Alternatively, a short-term business loan can be used to get a business up and running. For instance, if a builder wants to start his or her own business, they’ll need to hire or purchase tools, supplies, vehicles and potentially support staff before commencing operations. The short-term business loan provides some ‘breathing space’ for jobs to be completed, cash flow to come, expenses to be paid, and profit to be made.
Similarly, for existing businesses, a short-term business loan can be a useful way to expand a business, including buying out an existing partner or equally renting, buying or refinancing into a different commercial property. Other common uses include purchasing new stock or equipment, paying wages, paying outstanding bills, or upgrading IT systems.

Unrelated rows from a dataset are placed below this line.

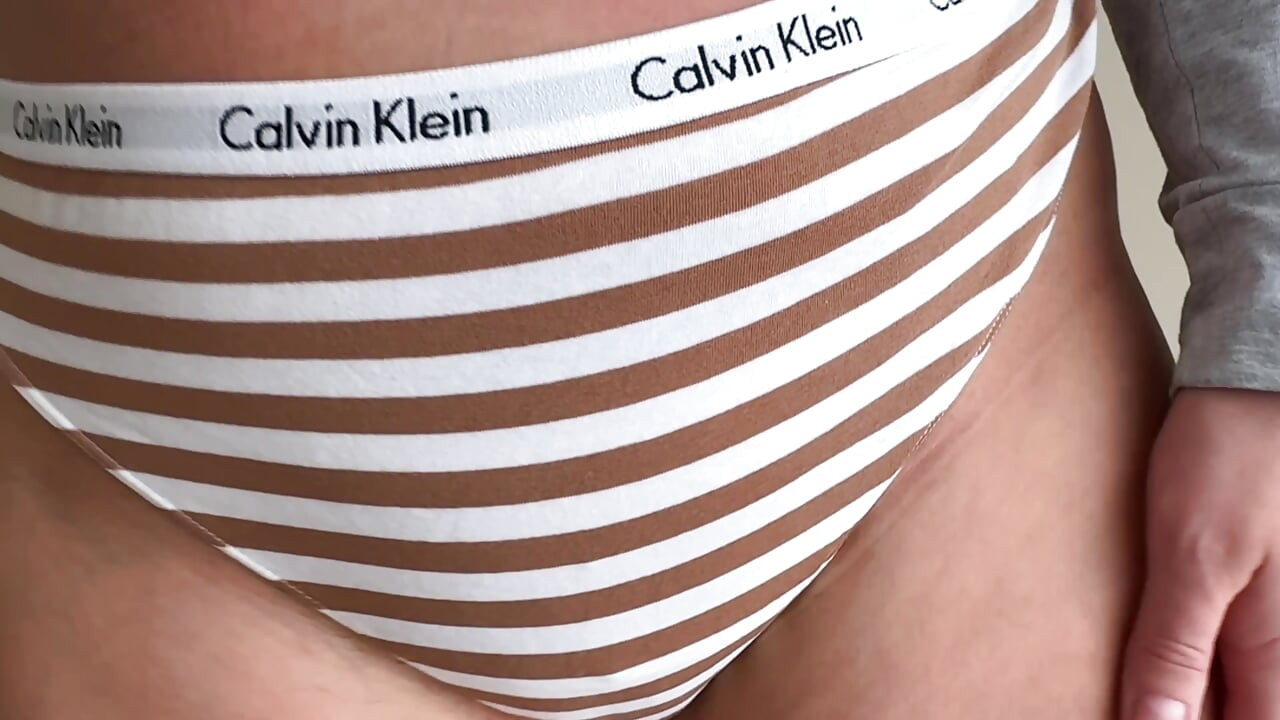 Crotch Touching Fetish in Grey Pyjama Pants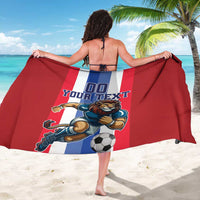 Custom Norway Football Sarong The Lions Champion 2024 - Wonder Print Shop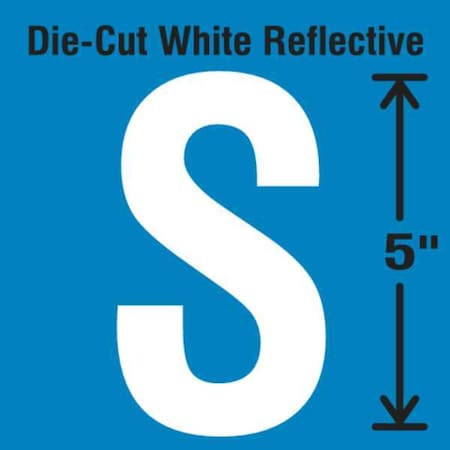LetterLabel, Vinyl, 5inH, 2-3/4inW, PK5 MPN:DWR-5-S-5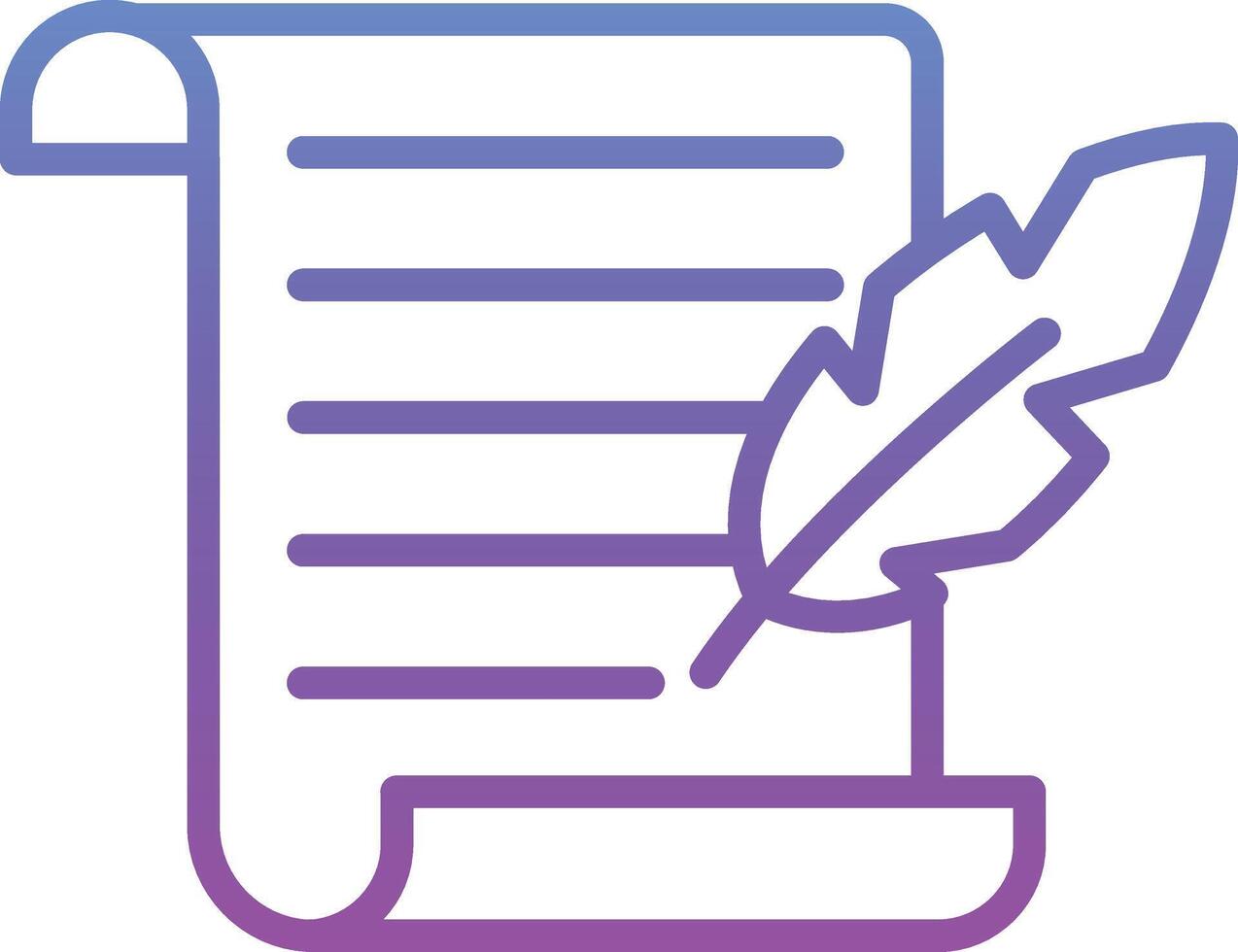 Scroll Paper Vector Icon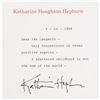 Image 2 : Spencer Tracy and Katharine Hepburn (2) Signed Items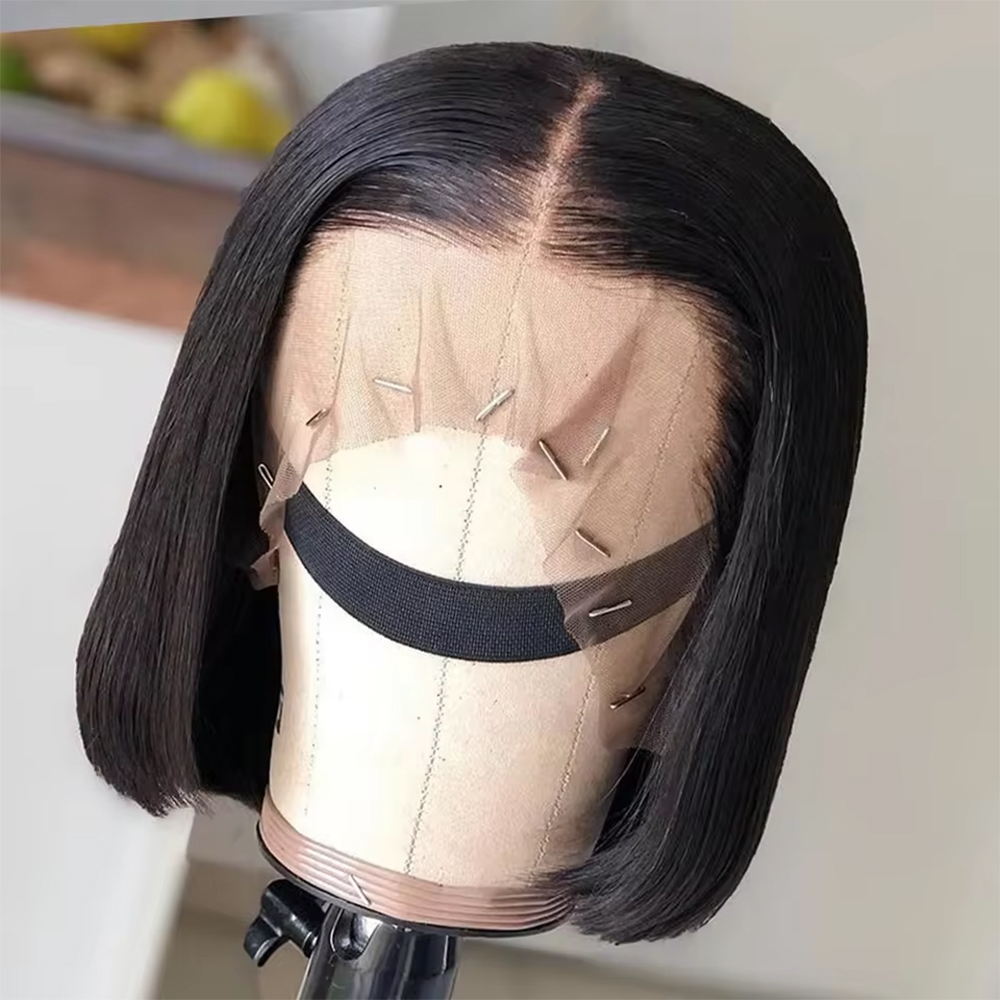 Glueless Wear And Go Human Hair Wig - Vietnam Düz Örgülü Bakire Saçtan Yapılmış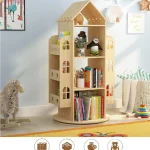 360 Rotating Kids Bookshelf Organizer 4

A short-term business loan is also often used to help smooth out the general ‘ups and downs’ of business cash flow to include offsetting seasonal trends and managing invoice lags (slow-paying customers). In particular, invoice lags can be extremely stressful for many businesses as the flow-on effect of having limited cash flow can cause significant strain – especially when wages need to be paid and/ or tax bills are due.
A short-term business loan equally appeals to investors seeking funds to invest in an existing business, either as a ‘hands-on’ or a silent partner.
If you own property, a short-term first mortgage is increasingly being considered as a way to obtain funds relatively quickly for personal or business use. You can apply online for a short-term first mortgage through a variety of financial institutions in Australia – particularly through private lenders and fintechs. This form of funding can be used for a short period of time for a variety of purposes.